--- Available records ---
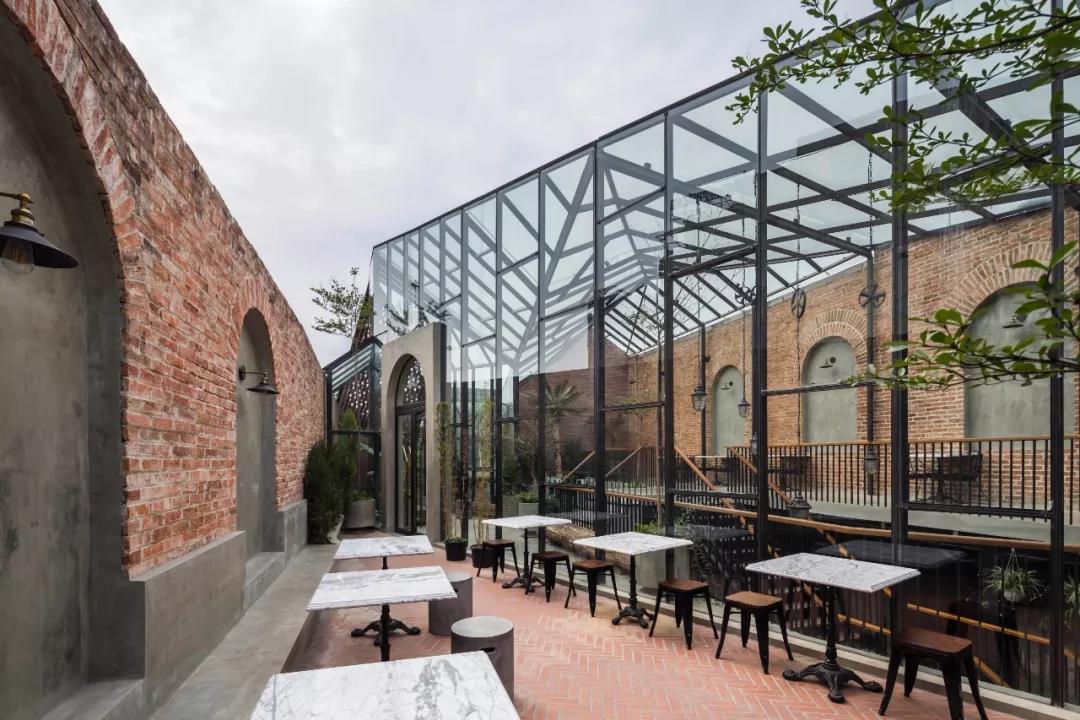 No.1986 咖啡餐廳，奇奇怪怪的‘烏鴉嘴’空間 / Le House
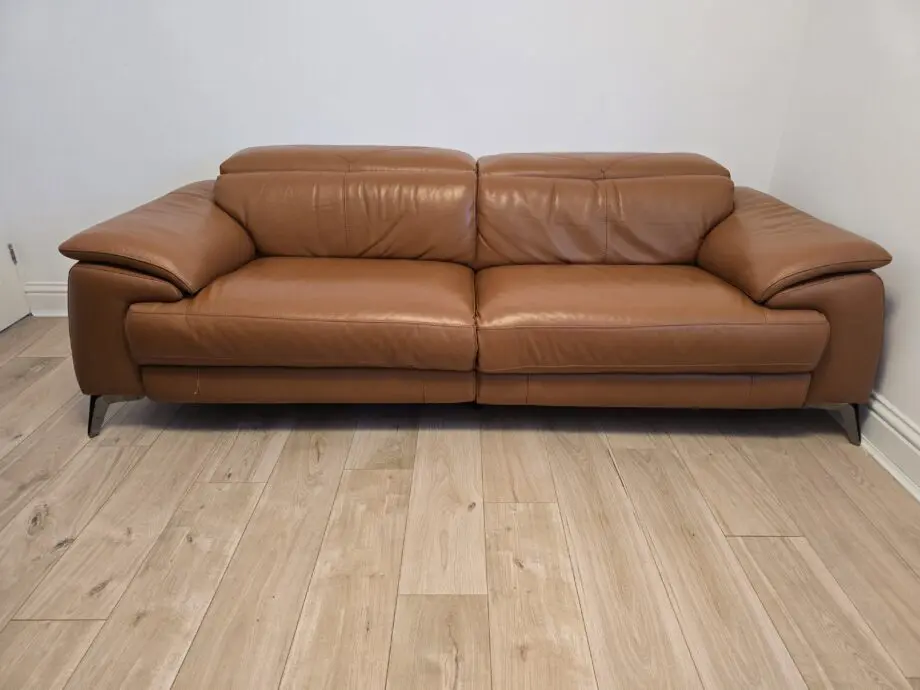 DFS- 3 Seater Caldo- Oak- electric recliner- EXCELLENT CONDITION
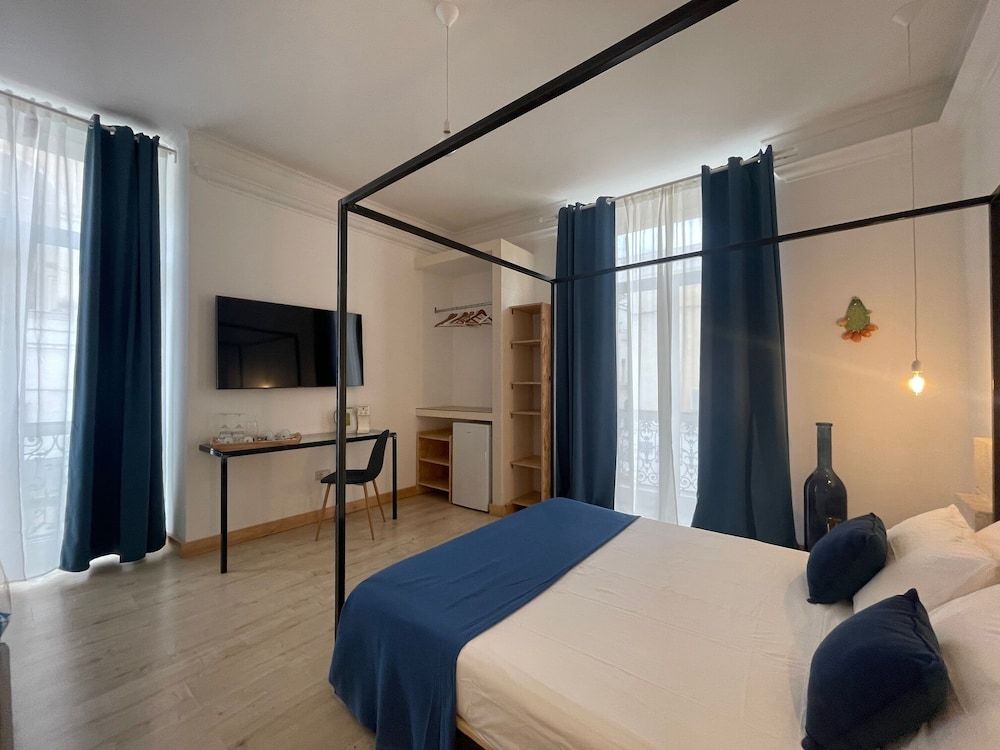 Casa D'Angiò Deluxe Double Room, Balcony 5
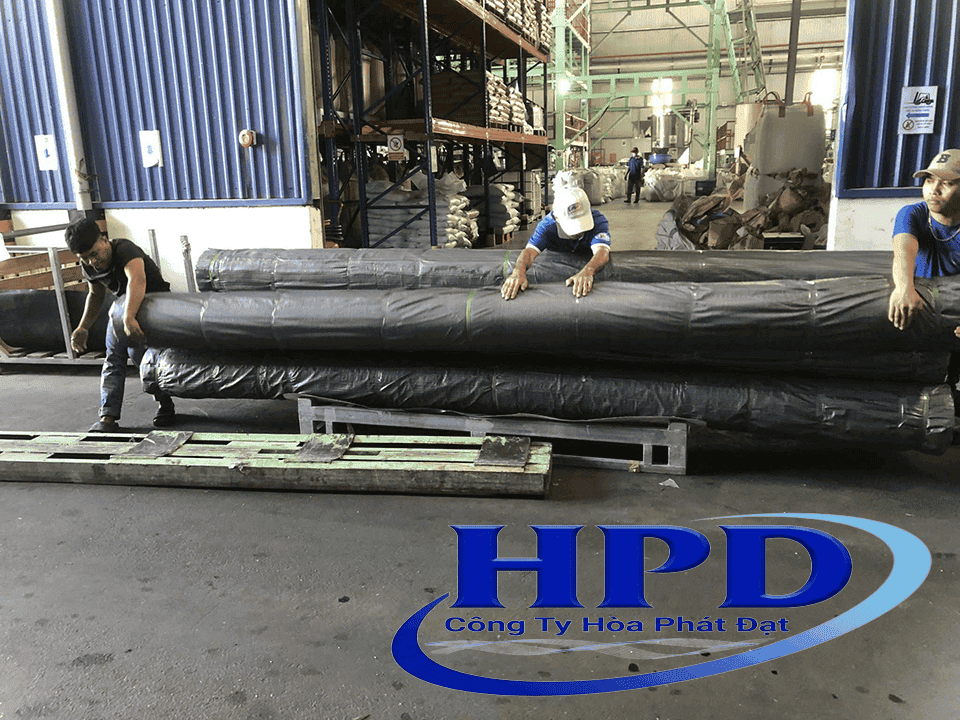 giao-hang-bat-hdpe-cho-khach-hang giao-hang-bat-hdpe-cho-khach-hang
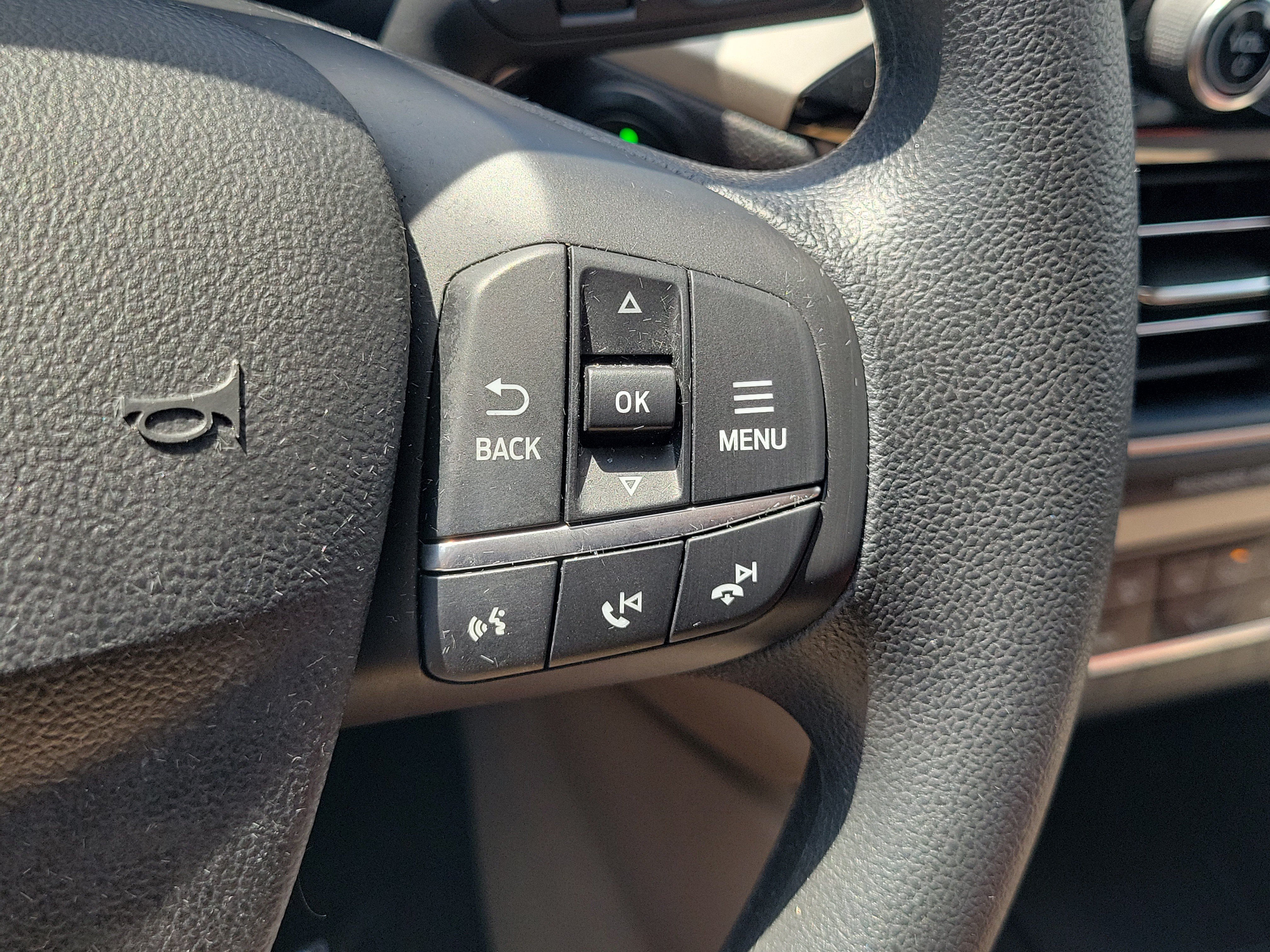 Certified 2020 Ford Escape SE FWD image 25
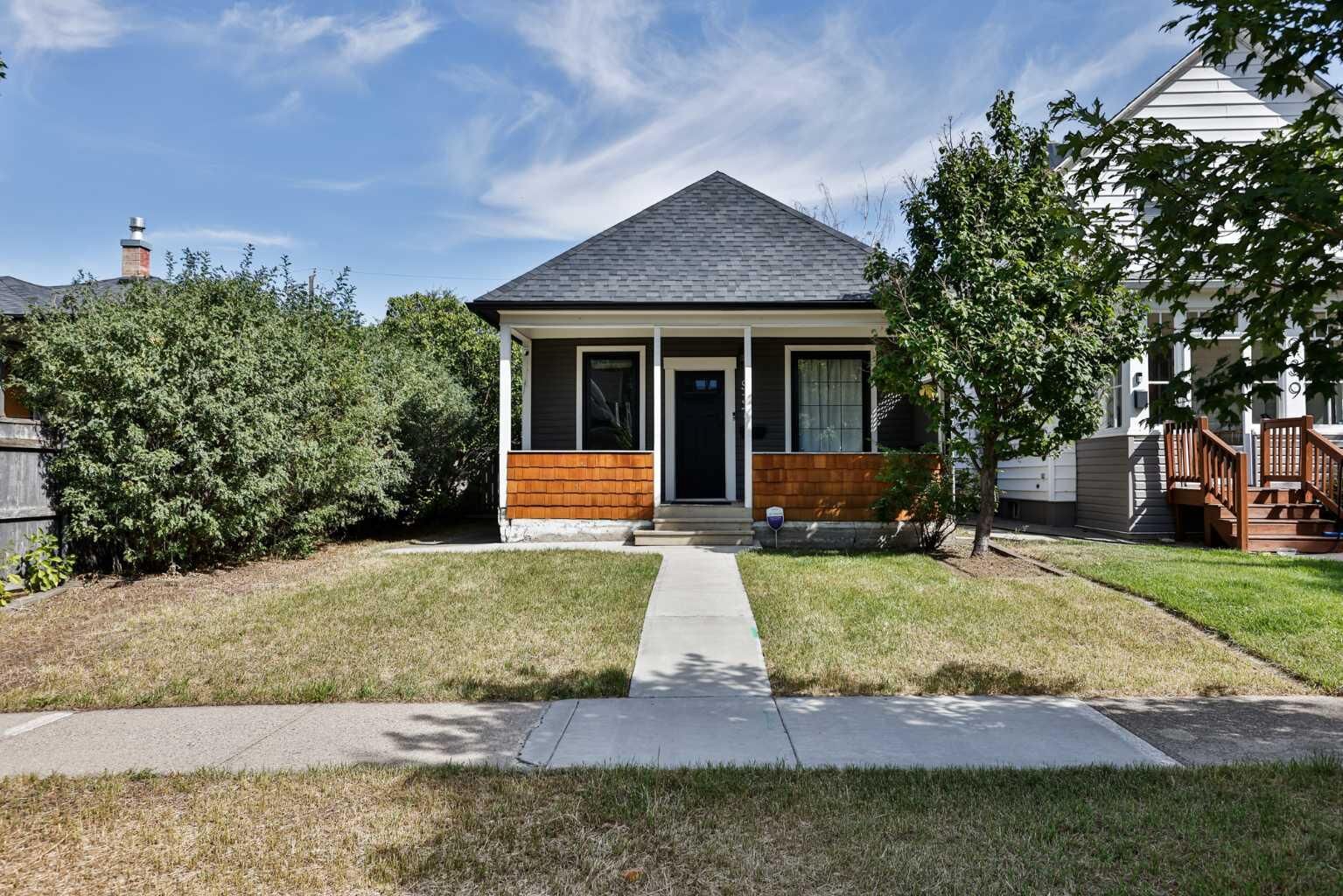 Property Photo:  937 10 Street S  AB T1J 2N4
---
Work order: Please write out, word for word, each line from the one with "Certified 2020 Ford Escape SE FWD image 25" to the last line of the data, keeping both ends and omitting pictures.

Solved problem:
 Certified 2020 Ford Escape SE FWD image 25
 Property Photo:  937 10 Street S  AB T1J 2N4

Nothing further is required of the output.